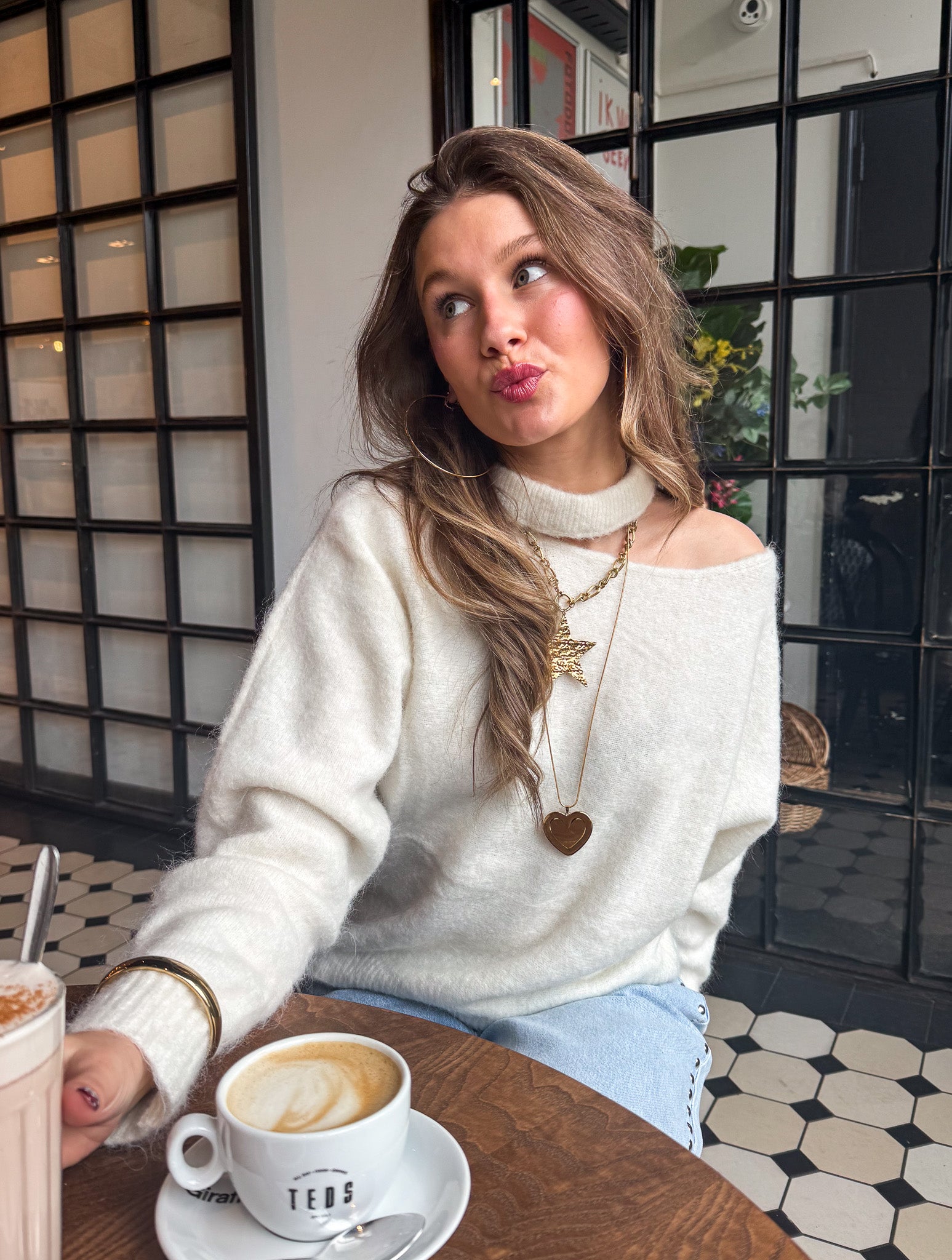 Stevie Open Shoulder Sweater White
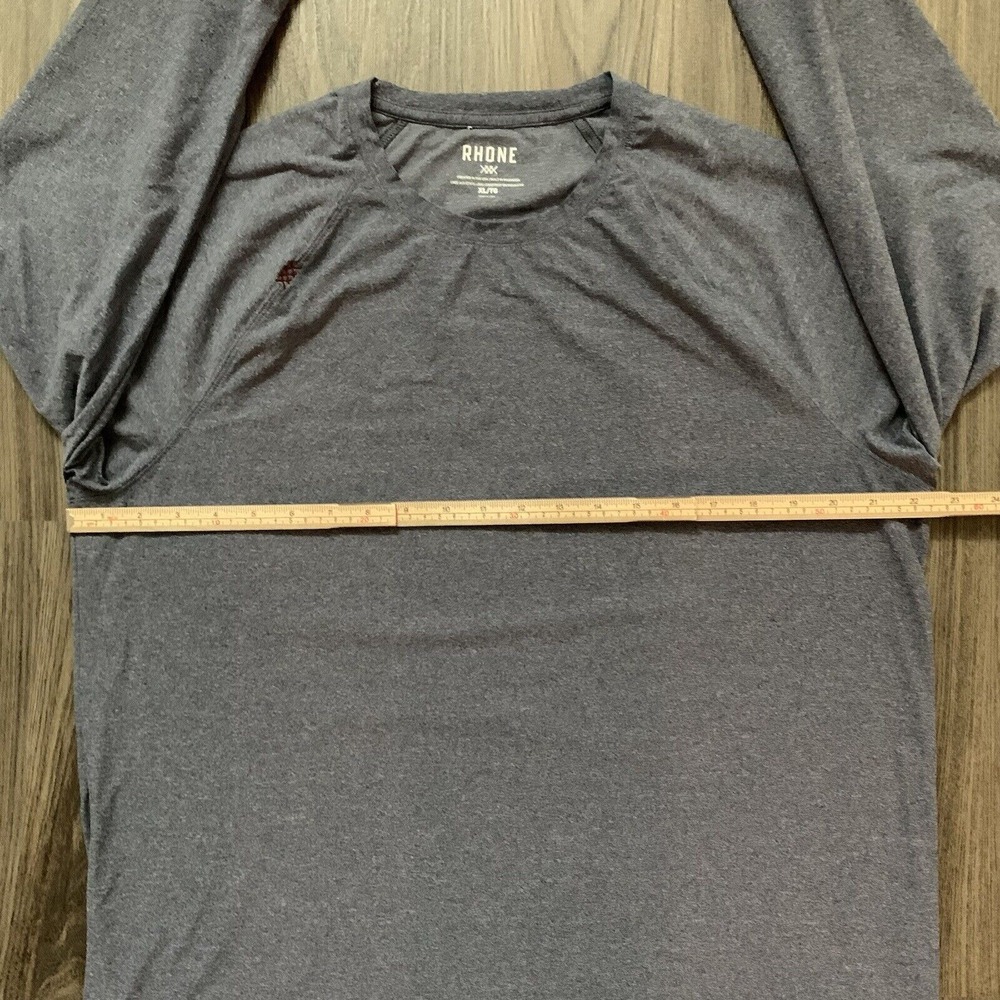 Rhone Shirt Adult Crew Neck Long Sleeve Pullover Gym Athleisure Heather Blue XL - Picture 7 of 7
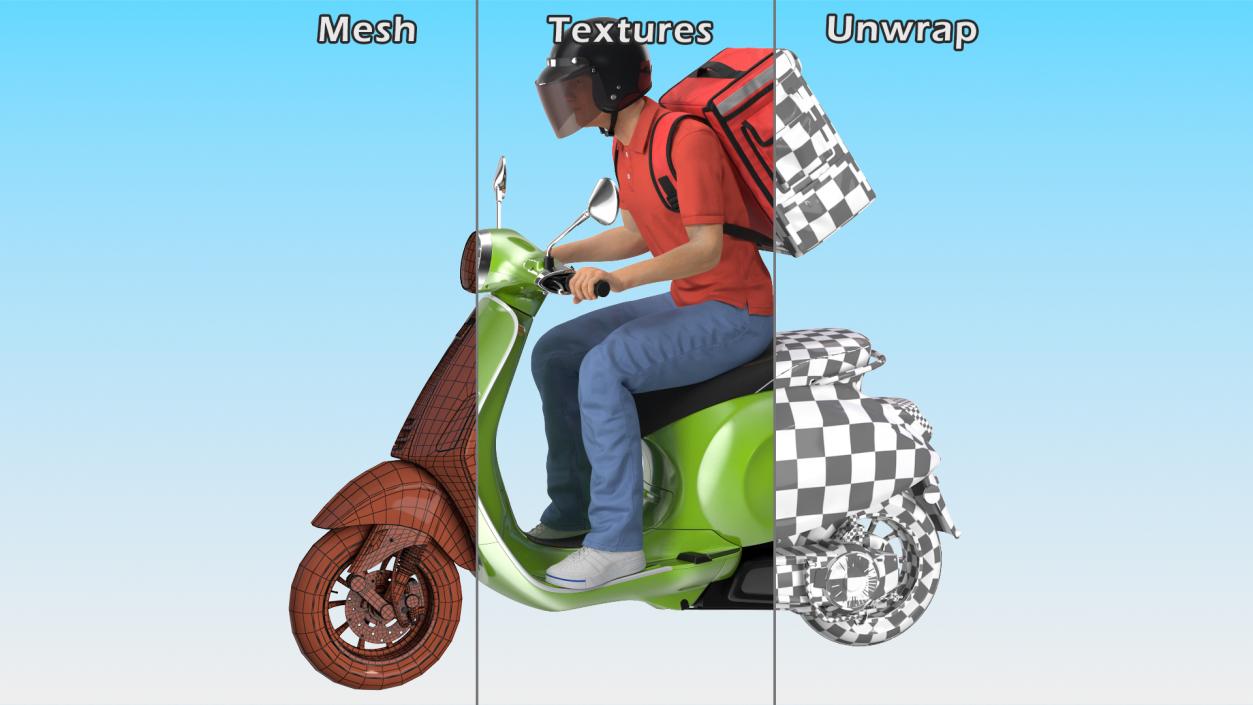 3D Food Delivery Man Riding Scooter Fur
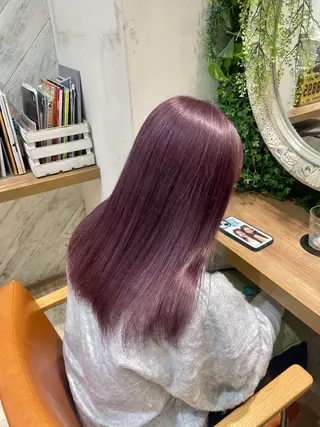 セミロング カラー 横浜パーマ🌐 暖色カラー🍒もえかのヘアスタイル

*Problem details:* Transcribe all of the listing precisely. The images stay out of it.

*Result of this exercise:*
 Stevie Open Shoulder Sweater White
 Rhone Shirt Adult Crew Neck Long Sleeve Pullover Gym Athleisure Heather Blue XL - Picture 7 of 7
 3D Food Delivery Man Riding Scooter Fur
 セミロング カラー 横浜パーマ🌐 暖色カラー🍒もえかのヘアスタイル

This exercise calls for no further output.